In this file photo, taken on 7 March 2018, late Queen Elizabeth II greets Saudi Crown Prince Mohammed bin Salman at Buckingham Palace in central London (By AFP)

Saudi Crown Prince Mohammed bin Salman (MBS) is set to travel to the UK to participate in the funeral ceremony of Queen Elizabeth II and deliver his condolences to the Royal Family.

The details of MBS’s visit remain unknown but according to a Friday report by The Guardian, his attendance at the funeral might “represent an unacceptable security threat” due to the protests his presence may provoke.

It will be the Saudi crown prince’s first visit to the UK since the assassination of Saudi dissident journalist Jamal Khashoggi, who was brutally murdered at the kingdom’s consulate in Istanbul almost four years ago.

At the time, the UK government imposed travel bans on a group of courtiers close to the crown prince due to their involvement in the assassination.

However, the prince himself did not go under any sanctions by the British government, in spite of a US intelligence report, which concluded that bin Salman was directly responsible for Khashoggi’s murder.

UK bans Chinese officials from attending Queen’s funeral 

The reports about the infamous Saudi crown prince’s visit to the UK come as the Chinese delegation has been banned from seeing the queen’s coffin at Westminster Hall in London.

Speaker of the House of Commons Sir Lindsay Hoyle has refused a request from the delegation to attend the funeral ceremony due to sanctions China has imposed on British citizens.

Relations between Beijing and London are at odds, with a group of UK MPs expressing concerns that Chinese President Xi Jinping has been invited to the state funeral on Monday.
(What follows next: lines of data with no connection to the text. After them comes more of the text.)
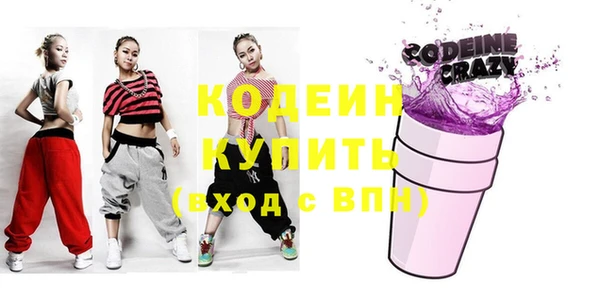 хмурый Навашино
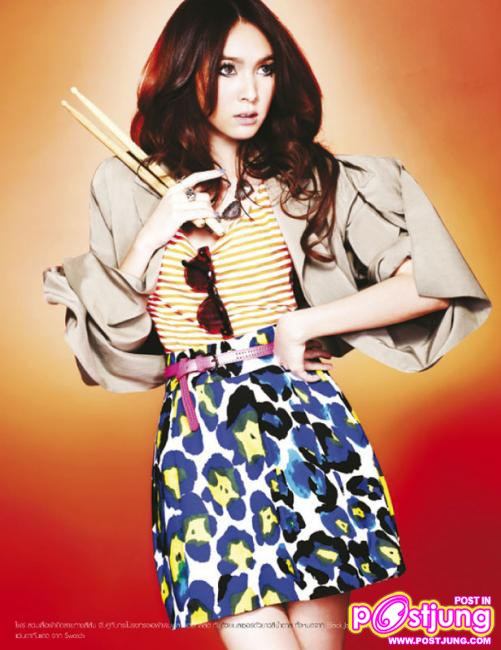 RS 30th Anniversary @ เปรียว vol. 31 no. 682 June 2011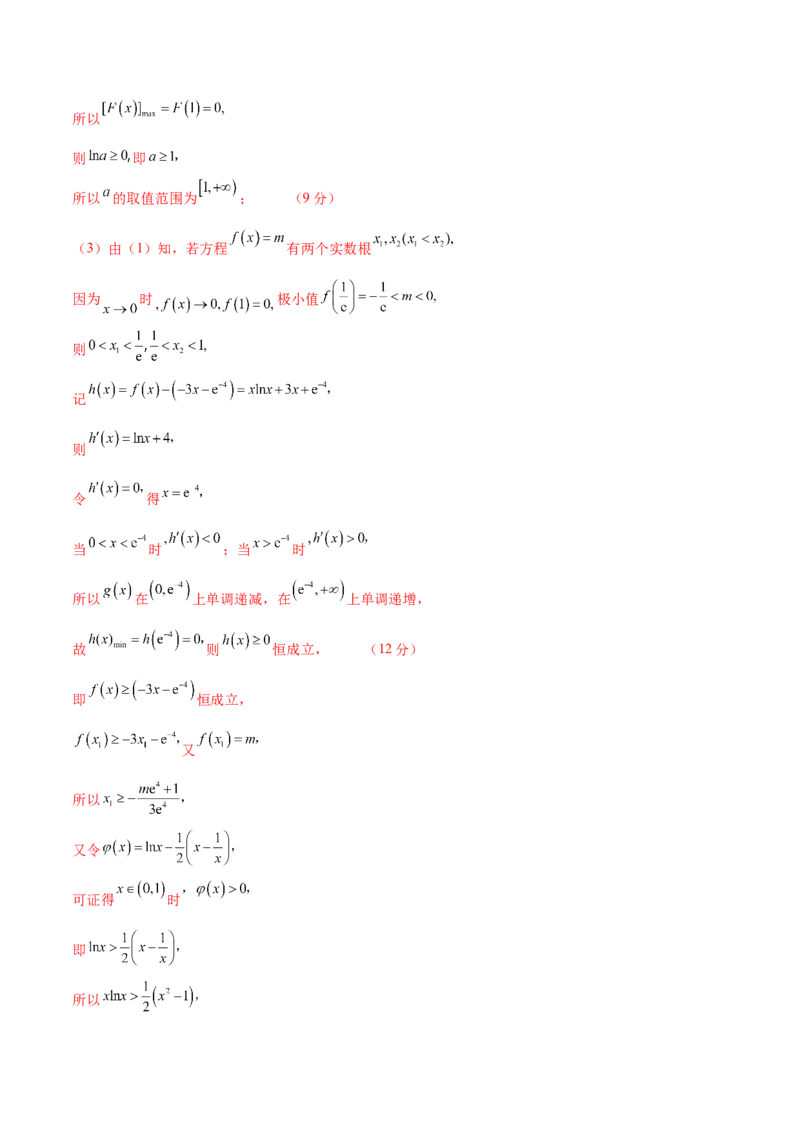 信息必刷卷04（天津专用）解析版_02高考数学_2025年新高考资料_2025考前信息卷_2025年高考数学考前信息必刷卷（天津专用）3430958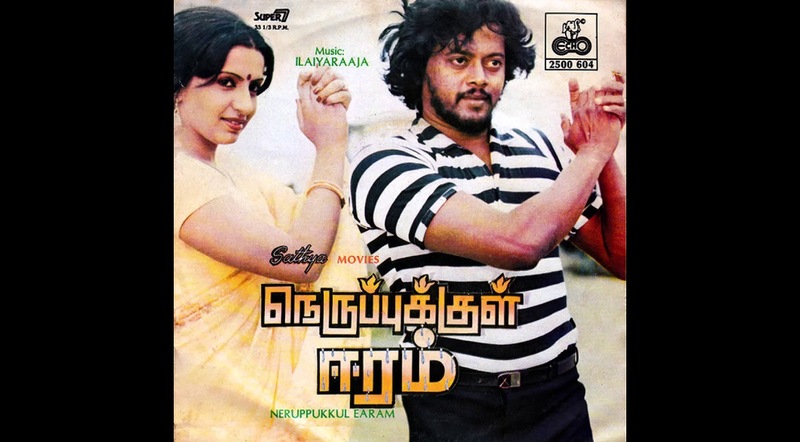 Nerupukkul Eeram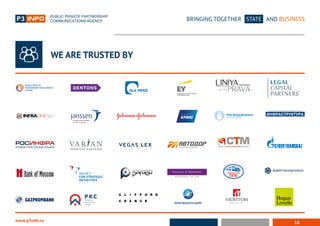 16
BRINGING TOGETHER STATE AND BUSINESS
www.p3info.ru
WE ARE TRUSTED BY
 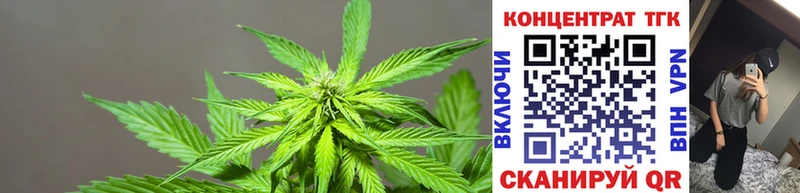 hydra рабочий сайт  где купить наркоту  Вязники  Дистиллят ТГК THC oil 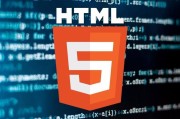 html5中的结构性标签怎样经常使用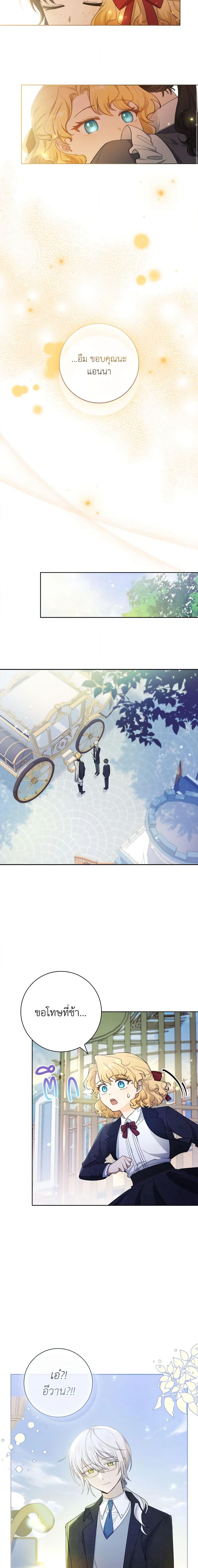 Manga-lc-com อ่านมังงะ อ่านการ์ตูน ออนไลน์ ฟรี Male Lead, I’ll Respect Your Taste ตอนที่ 1 2 3 4 5 6 7 8 9 10 11 12 13 14 ฟรี ไม่มีโฆษณา Manga-lc - อ่าน มังงะ อ่าน การ์ตูน ออนไลน์ อ่านมังงะ ฟรี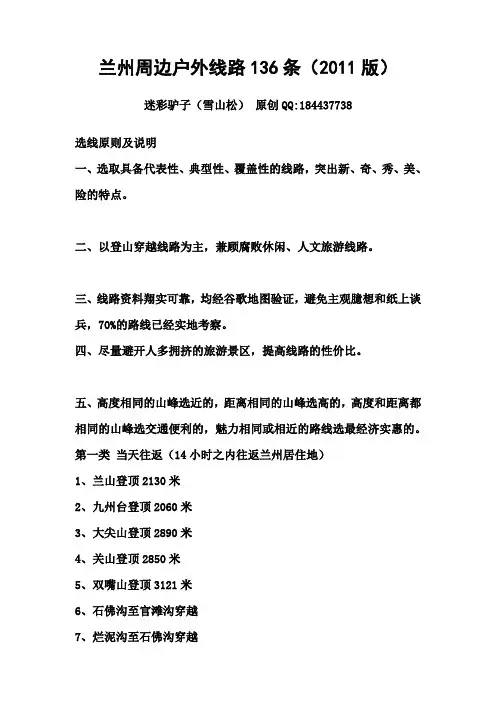 兰州周边户外线路136条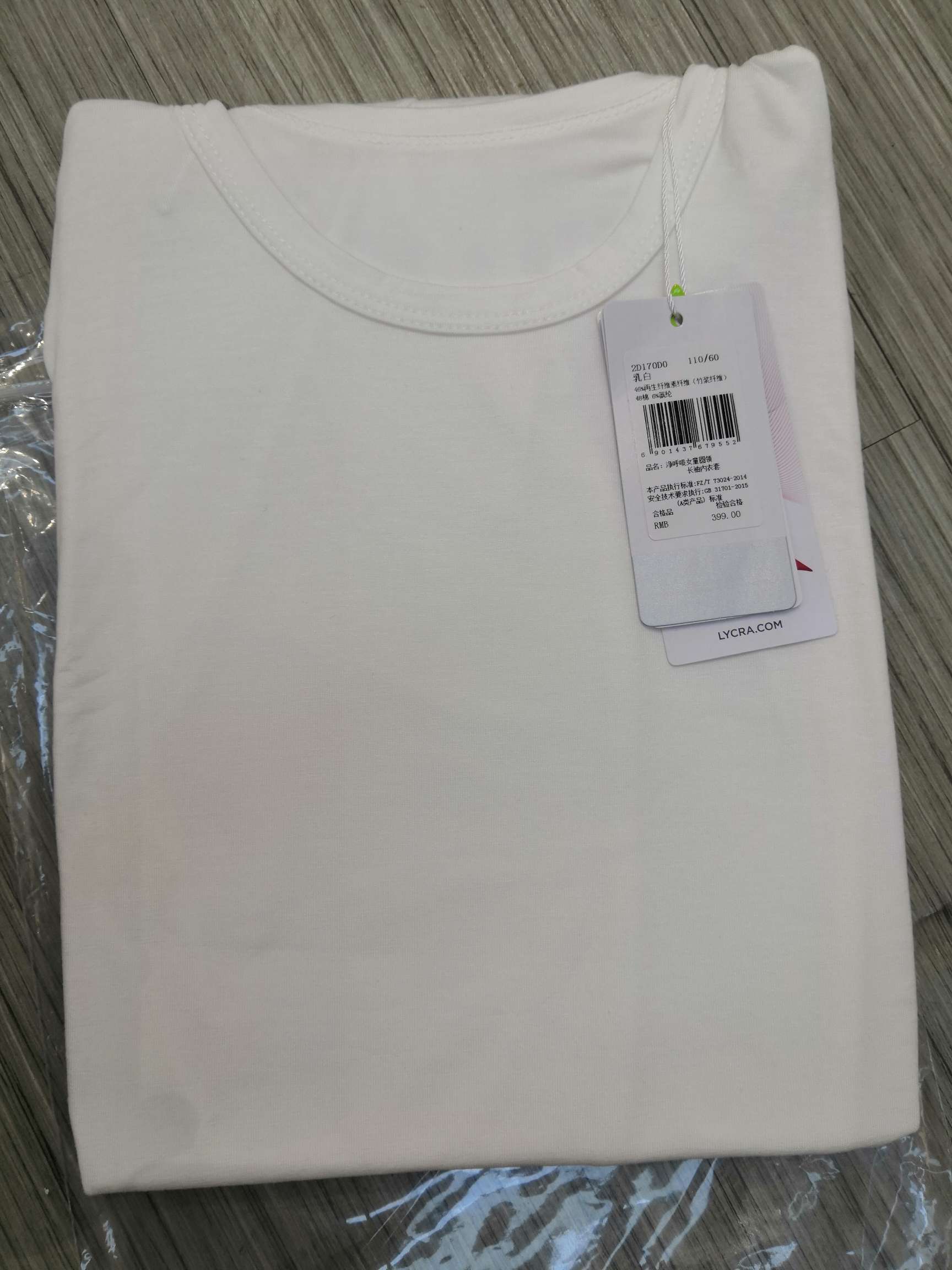 Ziyin children's underwear covers details Picture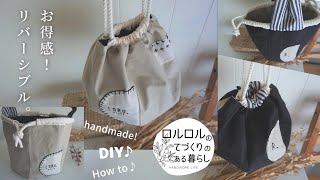 リバーシブル巾着作り方【古着布再利用】How to make reversible 6sheets patch kinchakuDIY ・ソーイング [upl. by Naashom443]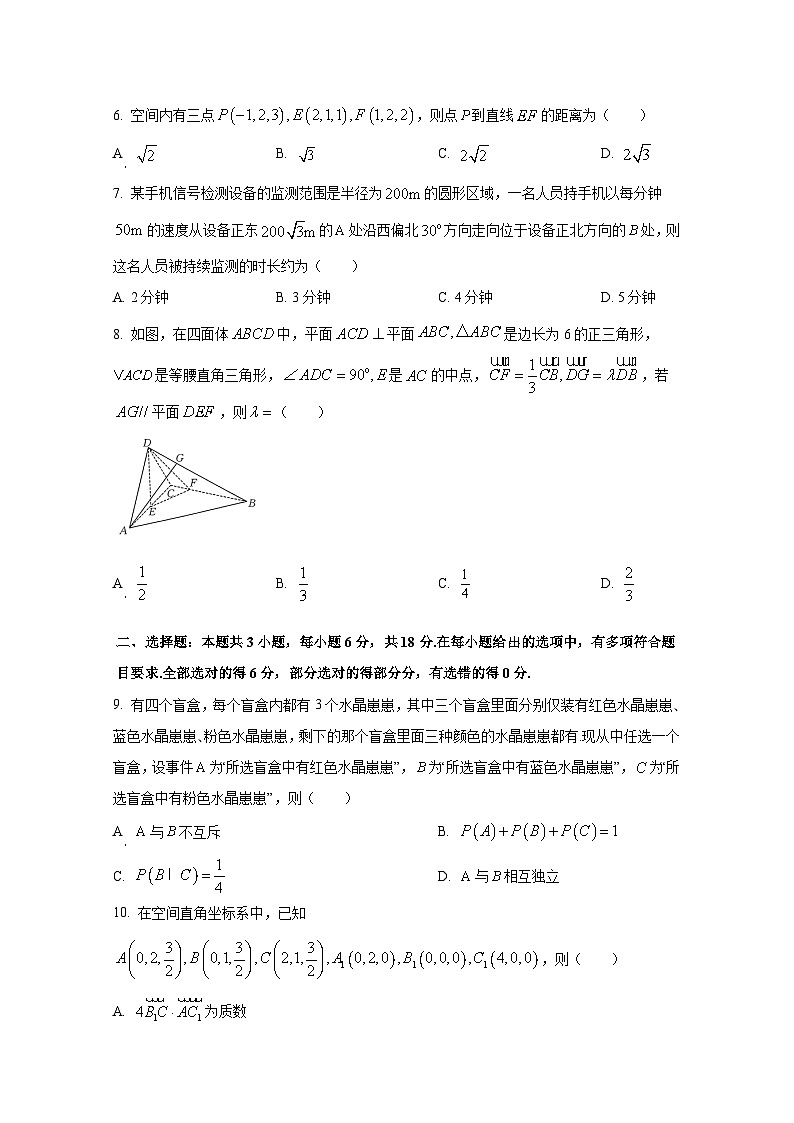 2024-2025学年重庆市黔江区高二上册11月期中数学检测试题第2页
Queen Elizabeth II, Britain’s longest-reigning monarch, died at the age of 96, and her son Charles III proclaimed the throne.

Her passing led to an outpouring of grief in the West. It also revived the British monarchy’s colonial legacy, with people across the world seeing her as a symbol of an institution that thrived through violence, oppression, and theft.

The anti-monarchy chorus is growing louder in the United Kingdom with a spate of arrests by security agencies in recent days drawing condemnation from the country’s civil liberties campaigners.

Beyond the UK, people in countries falling under the commonwealth, from Canada to New Zealand, have also started calling for an end to centuries-old monarchical rule.